He hammered the ‘cruciform hermeneutic’ and he did make a good case for it, as well as spending a fair slab of time arguing against his critics. I have certainly been challenged to look for this focus each time I read but I’m yet to appreciate how he makes it work in the violence narratives. He views this hermeneutical framing as critical for any further work hence the time spent on it.

From here it is on to a chapter entitled ‘The Dark Side of the Bible’ where he scans the Old Testament material for all kinds of divine violence. By the end of that chapter you are rather overwhelmed with the vast amount of problematic material.

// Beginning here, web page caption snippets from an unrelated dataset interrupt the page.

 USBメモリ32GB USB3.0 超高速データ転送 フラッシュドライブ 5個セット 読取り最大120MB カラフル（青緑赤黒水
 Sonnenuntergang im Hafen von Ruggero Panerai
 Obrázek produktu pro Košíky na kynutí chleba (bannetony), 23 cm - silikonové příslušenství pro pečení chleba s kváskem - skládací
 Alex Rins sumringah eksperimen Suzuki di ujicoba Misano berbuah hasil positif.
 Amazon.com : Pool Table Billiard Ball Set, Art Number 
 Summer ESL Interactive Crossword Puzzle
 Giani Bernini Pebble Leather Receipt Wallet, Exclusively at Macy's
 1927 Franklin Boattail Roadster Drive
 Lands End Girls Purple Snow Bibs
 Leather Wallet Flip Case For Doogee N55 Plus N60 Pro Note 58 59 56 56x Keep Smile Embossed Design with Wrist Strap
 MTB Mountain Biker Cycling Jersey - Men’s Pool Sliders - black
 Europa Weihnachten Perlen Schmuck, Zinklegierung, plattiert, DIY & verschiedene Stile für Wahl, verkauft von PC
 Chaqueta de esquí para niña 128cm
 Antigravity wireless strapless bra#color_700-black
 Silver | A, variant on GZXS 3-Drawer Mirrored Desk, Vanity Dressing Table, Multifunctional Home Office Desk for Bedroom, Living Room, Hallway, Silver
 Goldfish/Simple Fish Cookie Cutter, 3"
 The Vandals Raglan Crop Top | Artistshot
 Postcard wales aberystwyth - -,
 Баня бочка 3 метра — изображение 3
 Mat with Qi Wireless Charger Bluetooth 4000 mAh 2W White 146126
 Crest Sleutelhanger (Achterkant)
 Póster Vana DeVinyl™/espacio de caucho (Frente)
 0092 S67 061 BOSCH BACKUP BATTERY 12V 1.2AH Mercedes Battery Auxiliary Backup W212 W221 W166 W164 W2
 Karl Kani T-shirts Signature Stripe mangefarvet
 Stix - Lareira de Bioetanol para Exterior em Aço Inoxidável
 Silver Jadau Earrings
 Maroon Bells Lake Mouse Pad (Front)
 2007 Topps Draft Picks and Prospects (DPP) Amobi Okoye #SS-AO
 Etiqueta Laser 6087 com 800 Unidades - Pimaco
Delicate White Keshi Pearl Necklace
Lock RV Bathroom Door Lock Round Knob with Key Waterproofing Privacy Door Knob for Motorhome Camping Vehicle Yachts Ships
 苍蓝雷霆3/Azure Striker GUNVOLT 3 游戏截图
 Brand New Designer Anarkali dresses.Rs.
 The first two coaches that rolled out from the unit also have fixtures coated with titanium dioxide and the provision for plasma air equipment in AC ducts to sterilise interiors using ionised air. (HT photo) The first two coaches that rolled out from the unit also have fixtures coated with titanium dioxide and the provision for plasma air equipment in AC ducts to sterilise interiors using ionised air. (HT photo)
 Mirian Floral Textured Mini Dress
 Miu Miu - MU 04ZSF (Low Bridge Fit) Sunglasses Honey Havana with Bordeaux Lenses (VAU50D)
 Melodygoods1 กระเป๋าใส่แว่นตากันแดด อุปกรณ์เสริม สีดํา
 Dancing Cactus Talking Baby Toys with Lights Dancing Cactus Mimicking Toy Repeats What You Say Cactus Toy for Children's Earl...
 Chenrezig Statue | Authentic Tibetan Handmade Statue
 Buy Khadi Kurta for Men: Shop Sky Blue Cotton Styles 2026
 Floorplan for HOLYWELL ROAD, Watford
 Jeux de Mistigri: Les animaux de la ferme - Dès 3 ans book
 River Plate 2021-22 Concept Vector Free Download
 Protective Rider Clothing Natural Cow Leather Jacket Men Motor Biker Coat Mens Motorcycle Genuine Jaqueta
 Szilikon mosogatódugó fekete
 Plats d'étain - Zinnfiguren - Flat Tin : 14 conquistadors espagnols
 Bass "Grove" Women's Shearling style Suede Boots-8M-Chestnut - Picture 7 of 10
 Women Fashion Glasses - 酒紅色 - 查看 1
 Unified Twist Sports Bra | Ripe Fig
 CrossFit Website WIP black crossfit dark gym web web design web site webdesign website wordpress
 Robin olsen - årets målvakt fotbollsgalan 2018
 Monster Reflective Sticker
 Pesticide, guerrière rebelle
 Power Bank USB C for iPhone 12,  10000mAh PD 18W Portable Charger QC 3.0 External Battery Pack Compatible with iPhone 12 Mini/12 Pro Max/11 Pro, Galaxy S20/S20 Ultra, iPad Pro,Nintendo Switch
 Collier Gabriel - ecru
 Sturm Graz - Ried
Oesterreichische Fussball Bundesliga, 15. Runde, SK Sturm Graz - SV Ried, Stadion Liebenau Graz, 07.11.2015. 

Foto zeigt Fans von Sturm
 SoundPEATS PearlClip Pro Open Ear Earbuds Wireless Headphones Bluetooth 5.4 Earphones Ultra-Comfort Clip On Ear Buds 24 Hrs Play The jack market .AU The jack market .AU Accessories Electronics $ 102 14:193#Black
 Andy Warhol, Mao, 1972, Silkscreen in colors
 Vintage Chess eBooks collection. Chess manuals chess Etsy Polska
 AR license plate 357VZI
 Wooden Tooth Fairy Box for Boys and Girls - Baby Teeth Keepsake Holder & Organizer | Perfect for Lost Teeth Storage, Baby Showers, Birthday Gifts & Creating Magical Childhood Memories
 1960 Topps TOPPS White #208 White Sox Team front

He breaks it into 5 categories:

  1. Divinely sanctioned violence eg promised land entry
  2. Prescribed violence in the law – eg kids being put to death for being stubborn, lazy, drunk
  3. Divinely Caused Violence, eg flood and destroying angels.
  4. Violence in the Psalms, like Psalm 139:19, 21-23
  5. Violence in Biblical Stories, like the Levite and his concubine in Judges 19–21.

There is no shortage of material to deal with and I was quite stunned by how assaulted I felt having read the chapter. Most of this stuff I had come across over the years but in isolation. When you are confronted with it all together it really does make you take a breath. But I found this chapter helpful for simply laying out the weight of material that needs a response.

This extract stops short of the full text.